On Nov. 11 – Veterans Day – Trone is hosting a veterans event in Hagerstown at the Morris Frock American Legion.

While Trone has ostensibly subscribed to a similar bipartisan playbook as his congressional predecessor, former Rep. John K. Delaney (D-Md.), the first-term Democratic congressman is not immune from Republican (and Democratic) criticism.

Republican state Del. Neil Parrot of Washington County blasted Trone in a September 30 email blast.

“Many don’t know that while Congressman Trone tries to appear moderate, he is ranked as more liberal than Congresswoman Alexandria Ocasio-Cortez (AOC) by a progressive group looking at his overall voting record,” Parrott’s email blast – falsely – claimed.

The link Parrott submits to support his [false] claim shows Rep. Ocasio-Cortez being tied for first amid her congressional colleagues, with a lifetime overall progressive score of 97.53%, whereas Trone is ranked as the 122nd most-progressive House member, an overall progressive score at 97.28%.
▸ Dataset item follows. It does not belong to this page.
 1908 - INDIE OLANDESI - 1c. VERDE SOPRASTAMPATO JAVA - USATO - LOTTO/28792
On Nov. of last year, three days after Parrott won his third term representing Washington County in the Maryland House of Delegates, the conservative Tea Party state lawmaker announced during a rain-drenched press conference at the Hagerstown City Park that he was launching a congressional exploratory committee for the 6th District.
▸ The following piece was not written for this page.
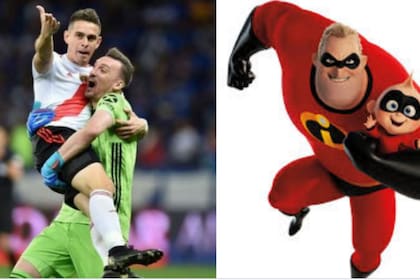 El festejo de Armani y Borré en sus dos "versiones"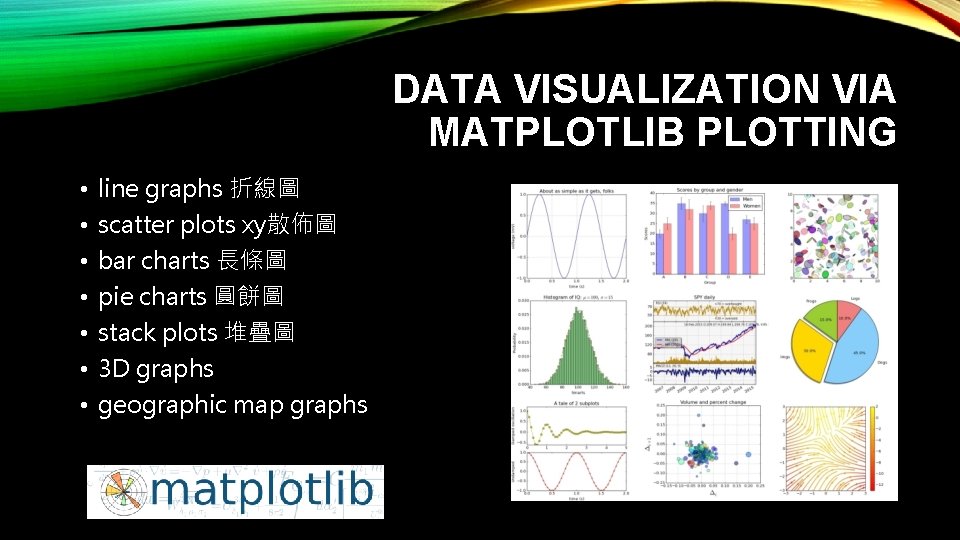 DATA VISUALIZATION VIA MATPLOTLIB PLOTTING • • line graphs 折線圖 scatter plots xy散佈圖 bar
Parrott – a self-described evangelical Christan who is opposed to same-sex marriage, abortion and gay rights, and who once advocated that HIV victims should be forcibly imprinted with a government-manded tattoo – is an outspoken supporter of Republican President Donald J. Trump’s policies.
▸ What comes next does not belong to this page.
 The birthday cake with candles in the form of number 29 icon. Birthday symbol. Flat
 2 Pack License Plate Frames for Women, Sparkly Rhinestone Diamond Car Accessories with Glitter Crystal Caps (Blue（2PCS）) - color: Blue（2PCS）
On Trone, Parrot continued, “He has an F- rating from Numbers USA on his illegal immigration stances. Then, just this summer, our Congressman David Trone posted about how he wants more gun control legislation passed. I could go on…It is time for voters to know that he actually votes like an extreme-left liberal. I know what needs to be done, but I cannot do it without help, without knowing that people want me to continue working.”

Trone lives in Potomac, just outside the district’s boundaries.

Parrott has not made a final decision on whether he will seek the 6th District’s Republican nomination, though he is still actively seeking campaign contributions.

Meanwhile, Libertarian-turned-Republican Kevin T. Caldwell was the first to officially file his 6th District candidacy with the Maryland State Board of Elections.

Caldwell, who lives in Brunswick, was the Libertarian Party’s nominee for the 6th District in 2018. He was defeated in the November general election, earning 1.8% of the vote.

Caldwell joined A Miner Detail Podcast for an interview in August 2018.

While Republican Amie Hoeber of Montgomery County has not formally ruled out another campaign, she has told close allies and friends that she is unlikely to launch a third congressional bid, citing Trone’s nearly insurmountable personal wealth.

Maryland’s 2020 primary election is set for April 28.